*** Opening Records supplied ***
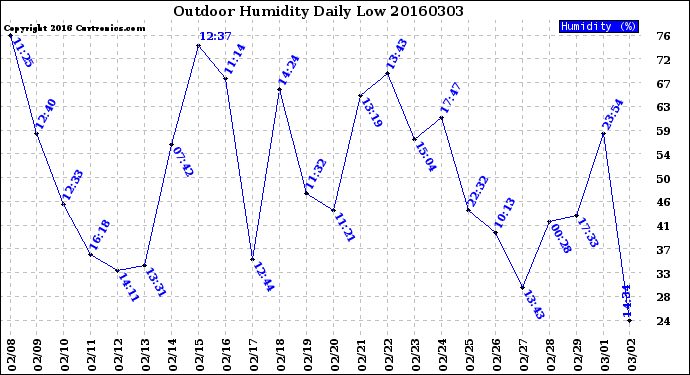 Milwaukee Weather Outdoor Humidity<br>Daily Low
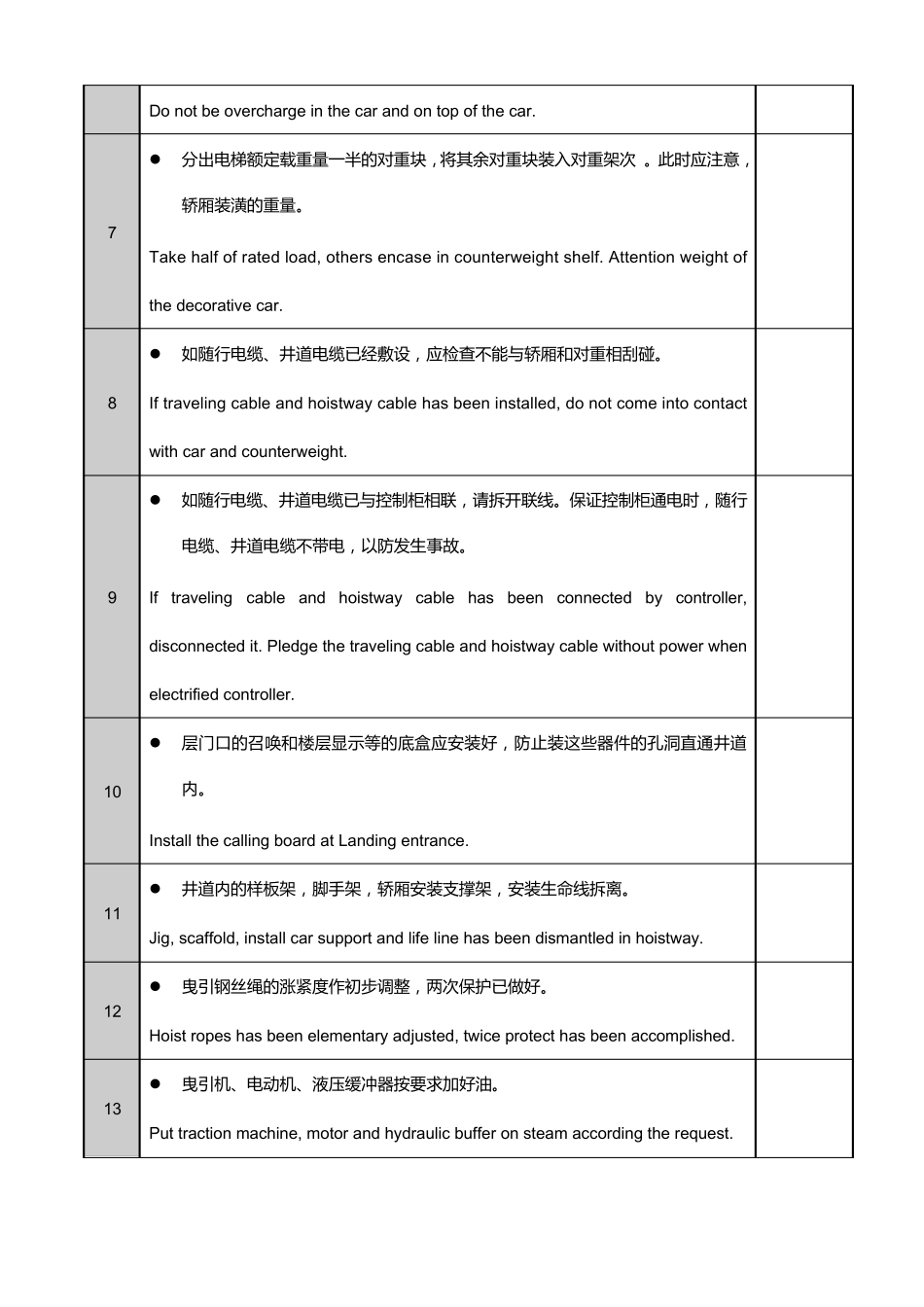快速电梯调试_第2页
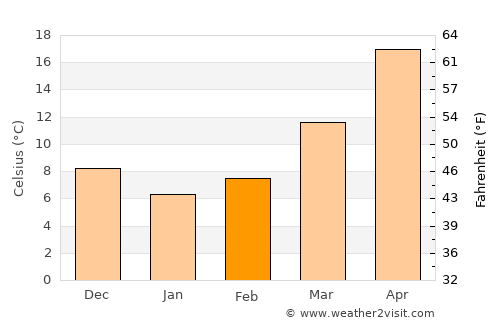 Badu average temperature in February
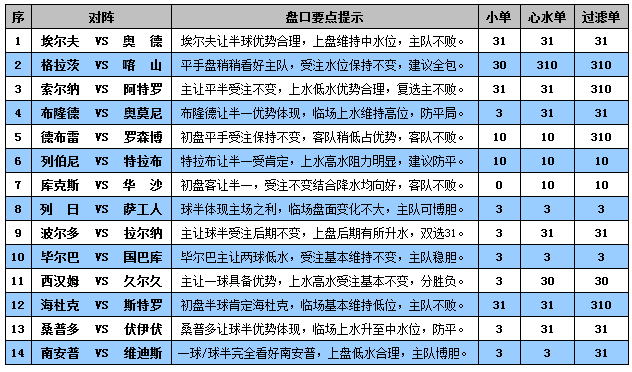 统计数据详解说明_安静版7.98.162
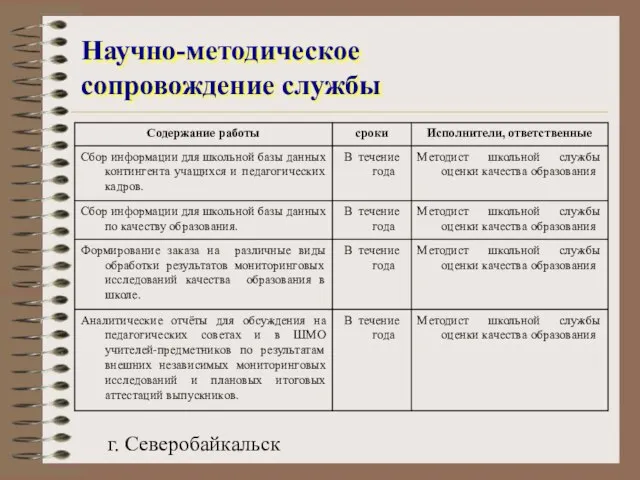 г. Северобайкальск Научно-методическое сопровождение службы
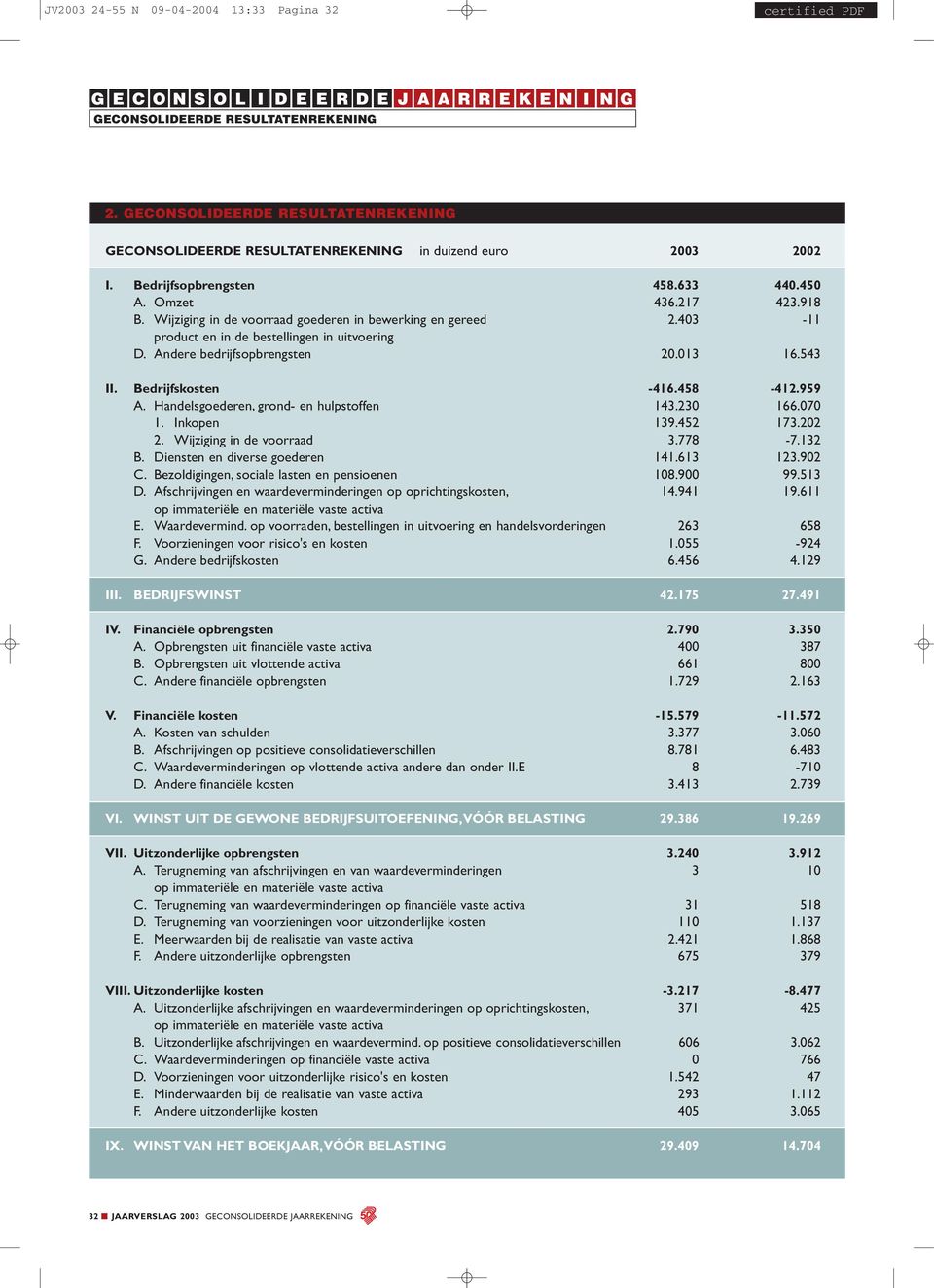 Wijziging in de voorraad goederen in bewerking en gereed 2.403-11 product en in de bestellingen in uitvoering D. Andere bedrijfsopbrengsten 20.013 16.543 II. Bedrijfskosten -416.458-412.959 A.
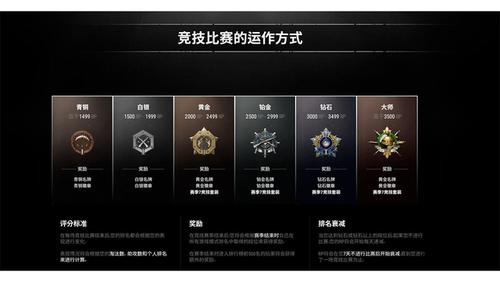 抖音多少等级可以隐藏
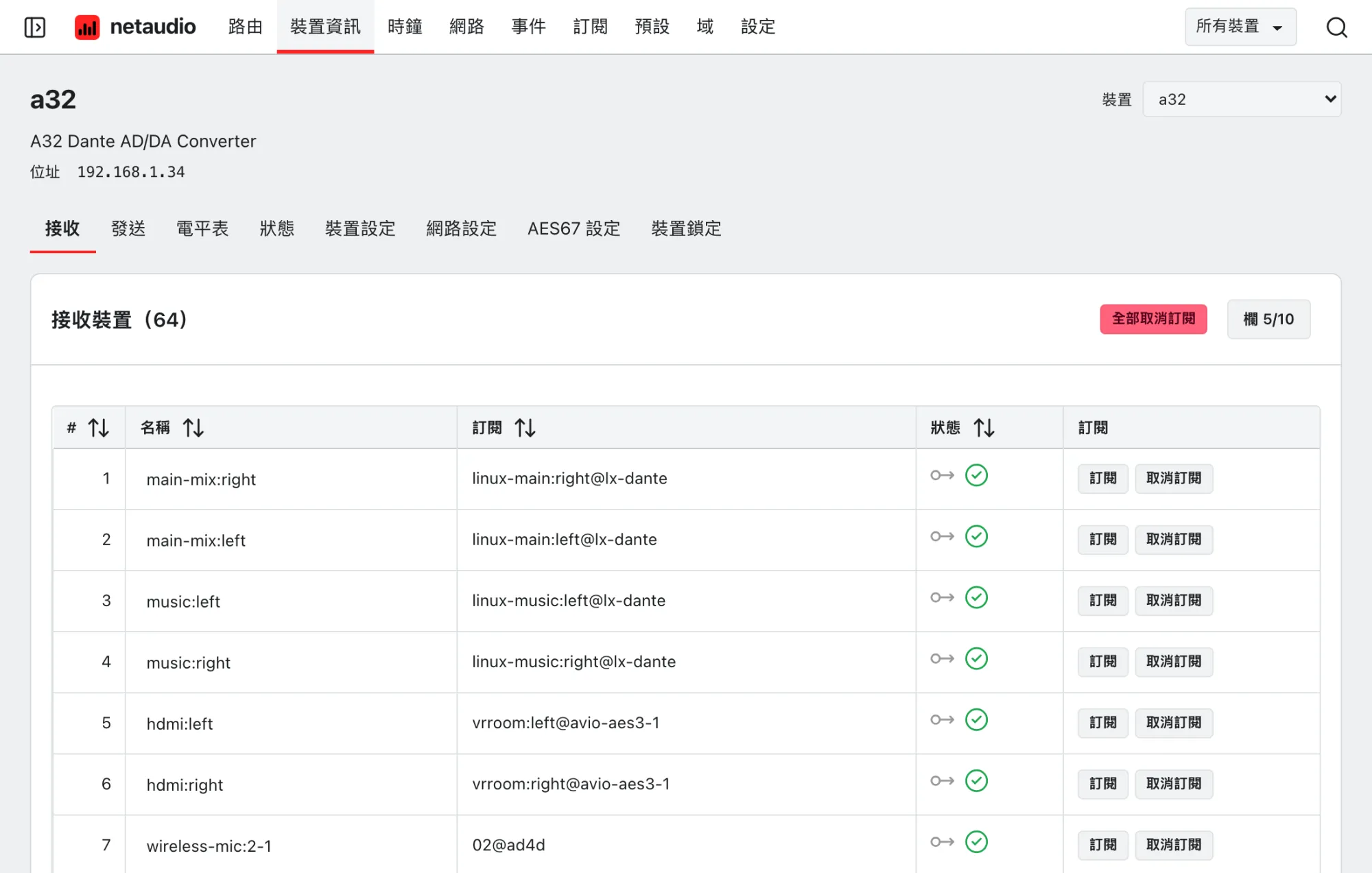 Web App 中 A32 的接收通道，每個通道都顯示其訂閱、狀態，以及訂閱和取消訂閱控制項。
*** Closing Records supplied ***
■ Your goal
Please give back the material above exactly as written, pictures omitted.

■ Task output
 Milwaukee Weather Outdoor Humidity<br>Daily Low
快速电梯调试_第2页
 Badu average temperature in February
 统计数据详解说明_安静版7.98.162
 г. Северобайкальск Научно-методическое сопровождение службы
 Wijziging in de voorraad goederen in bewerking en gereed 2.403-11 product en in de bestellingen in uitvoering D. Andere bedrijfsopbrengsten 20.013 16.543 II. Bedrijfskosten -416.458-412.959 A.
 抖音多少等级可以隐藏
 Web App 中 A32 的接收通道，每個通道都顯示其訂閱、狀態，以及訂閱和取消訂閱控制項。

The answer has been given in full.